The Linn Group


Tuesday Morning Corn Comment

James Riley - 03/18/08 7:28am


The corn market closed limit down in almost all months on Monday as we continue to see mass liquidation in all commodities, especially the grain markets. Traders said we are seeing general sell off in commodities as well as speculative selling in the grain markets. Speculators and funds looked to reduce risk in these uncertain markets by reducing risk and cutting positions to more manageable levels.
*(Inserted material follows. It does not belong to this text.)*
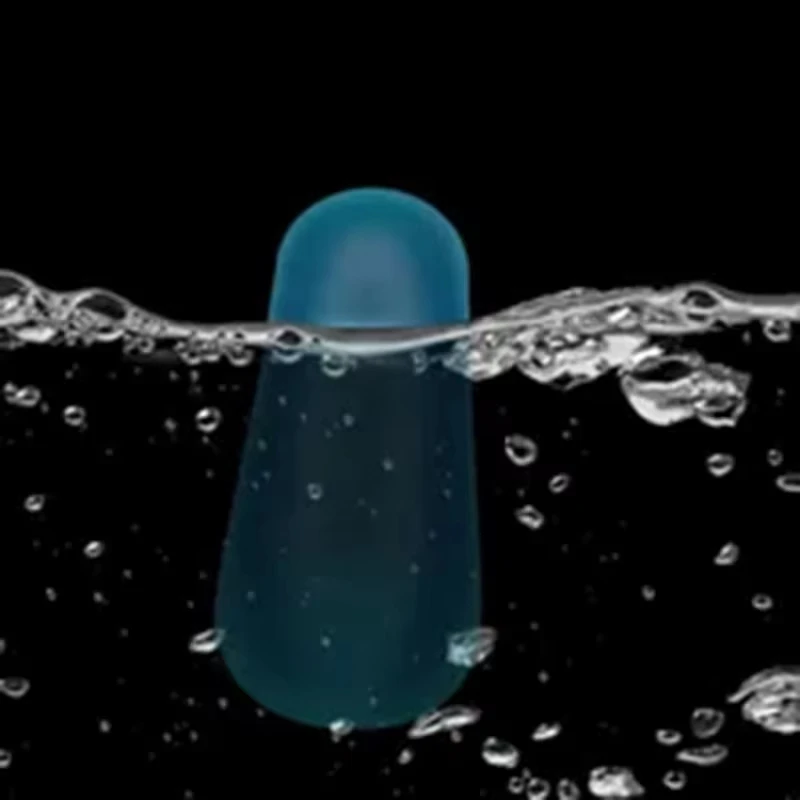 SHIQIAN 100 unids/lote, frijoles espaciales de goma de alta calidad, carpa de mar, pesca con mosca, tapón ovalado de goma azul, flotador de pesca, Bobber - imagen 5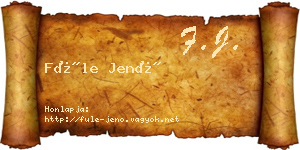 Füle Jenő névjegykártya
After the Bear Stearns deal, traders seemed to worry about firms with rumors circulating that one of the biggest commodity clearing firms was in trouble as its stock dropped almost 65% yesterday. Some big players in the financial industry are having to liquidate commodity positions to help pay for their exposure to the credit markets. Traders also pointed to outside markets as helping to push corn lower, especially crude oil selling off over $6.00 at one point and closing $4.50 lower. Really traders are pointing to money management instead of fundamentals as the reason for the sell off. Volume and fund selling was limited because of the limit down move with fund selling only 7,000 contracts. Options were where all the volume was taking place and corn closed down synthetically another 10 cents.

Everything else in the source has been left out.